4) In a vertical reactor section is allowed an alcohol C _12/14 with the same starting data as in Example 1 at 180 ° C for a fixed y-Al ₂ O ₃ catalyst at SV 0.5 vol./vol. Catalyst / h trickle. The OH number of the treated product is 275, the diol content drops to <0.05%.

5) In the same apparatus as described in Example 4, the alcohol cut C ₁₂ / i ₄ - the same starting data as in Example 1 - at 200 ° C and an RG of 1 vol / vol. Catalyst / h pumped through the column from below (bottom phase treatment). The OH number of the treated product is 275, the diol content drops to <0.05%.

The examples show that the hydroyl numbers of the treated alcohol cuts practically do not go any further decrease than the removal of the secondary OH group of the diols suggests.

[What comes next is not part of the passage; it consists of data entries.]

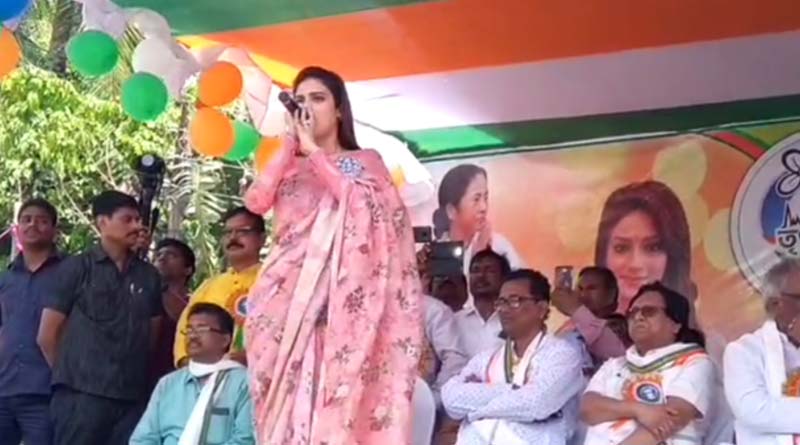 TMC star candidate Nusrat Jahan is in election campaign at Hingalgunj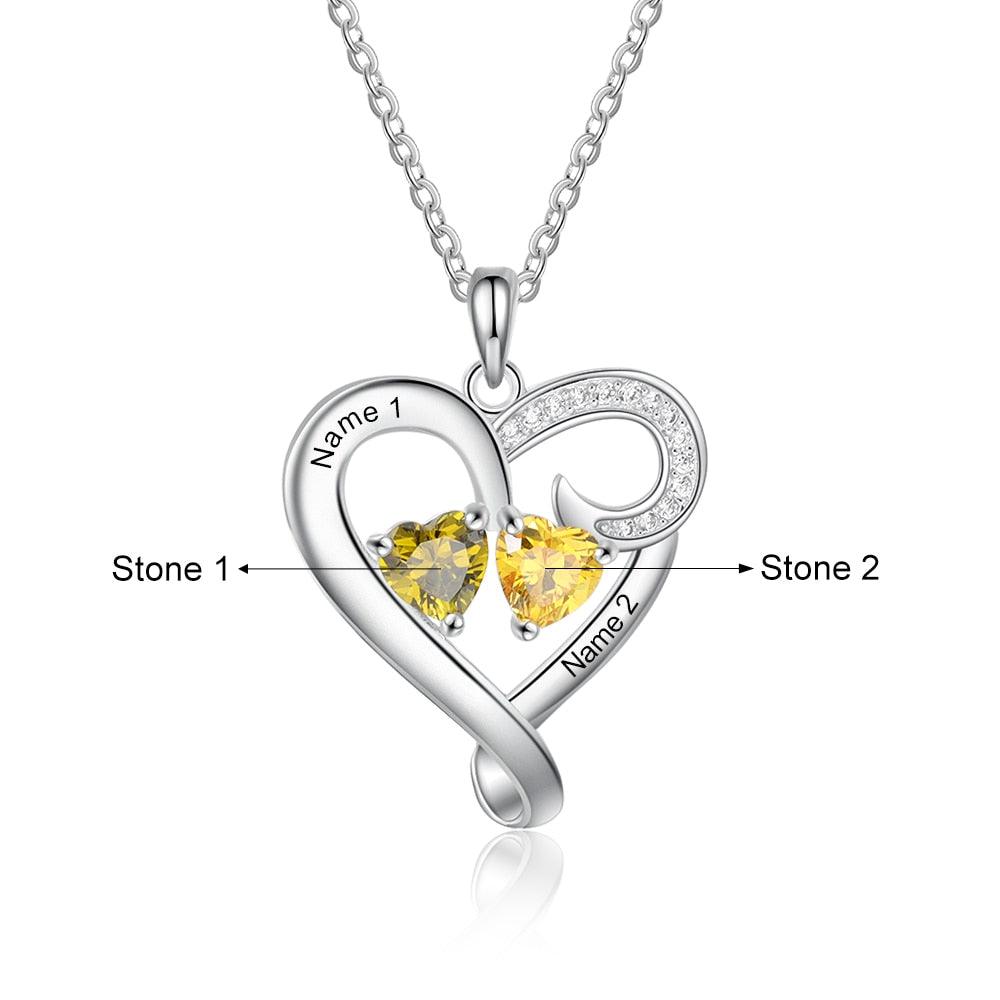 Customized Heart Pendant Necklace - Double Birthstone Engraved Necklace for Women - Personalized Jewelry for Women - Birthday Gift for Women - Personalized Jewel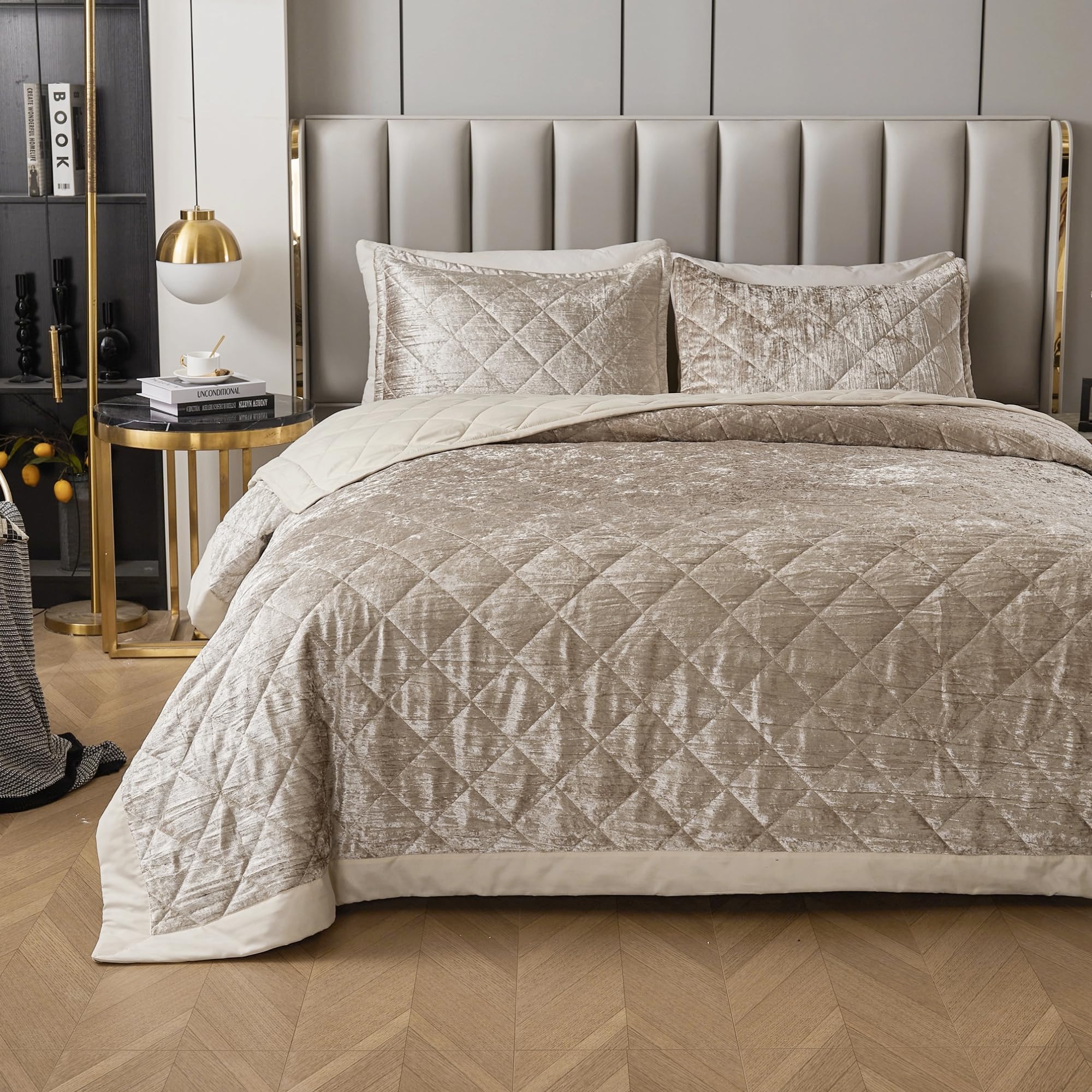 Champagne Korean Velvet Quilt Set California King XL Size (112x104 in)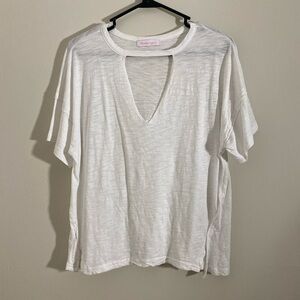 Olivaceous White Cut Out Short Sleeve T-Shirt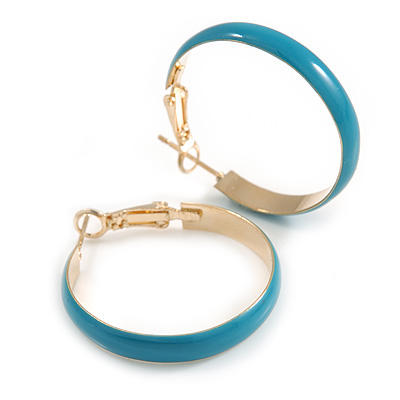30mm D/ Wide Light Blue Enamel Hoop Earrings In Gold Tone/ Small Size - main view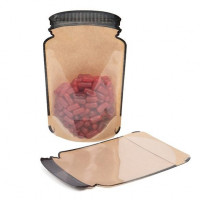 Standbodenbeutel Kraft/Transparent Glasform 13x7.6x20.6cm (100 Stück) [SP3KC]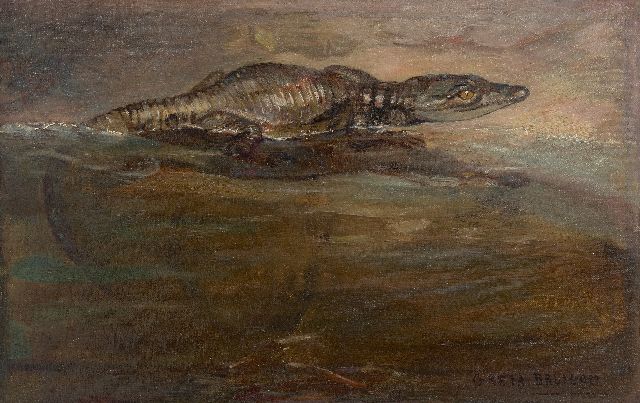Greta Bruigom | Young Nile crocodile, oil on canvas, 26.4 x 41.5 cm, signed l.r.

6) Using the same method as described in Example 1, an alcohol cut with a carbon number Cj ₂ -C ₁₄ , an OH number of 286 and a diol content of 0.85% with 2% γ-aluminum oxide in powder form at 220 ° C Stirred for 6 hours. After filtering off the catalyst, a product is obtained whose diol content has fallen to <0.05% with an OH number of 276, a Br number of 0.79 mg Br / 100 mg and a CO number of 1100 ppm.

After hydrogenation with a commercially available nickel contact, the alcohol has the following data: Diol content <0.05%, OH number 276, Br number 0.1 mg Br / 100 mg, CO number 127 ppm.

Claims (3)

Patent claims: 1. Process for the purification of synthetically produced primary monoalcohols with more than 4 carbon atoms by catalytic hydrogenation, characterized in that that the crude alcohols in the liquid phase at elevated temperature by means of oxidic compounds of the elements zirconium, titanium or, in particular, aluminum, selectively from those contained Diol impurities are freed and then catalytically hydrogenated in the usual way. 2. The method according to claim 1, characterized in that the selective dehydration of the Raw alcohol is made by means of gamma-aluminum oxide. 3. The method of claim 1 or 2, characterized in that the catalytic dehydration at a temperature of 130 to 280, in particular 170 to 220 is carried out ⁰ C.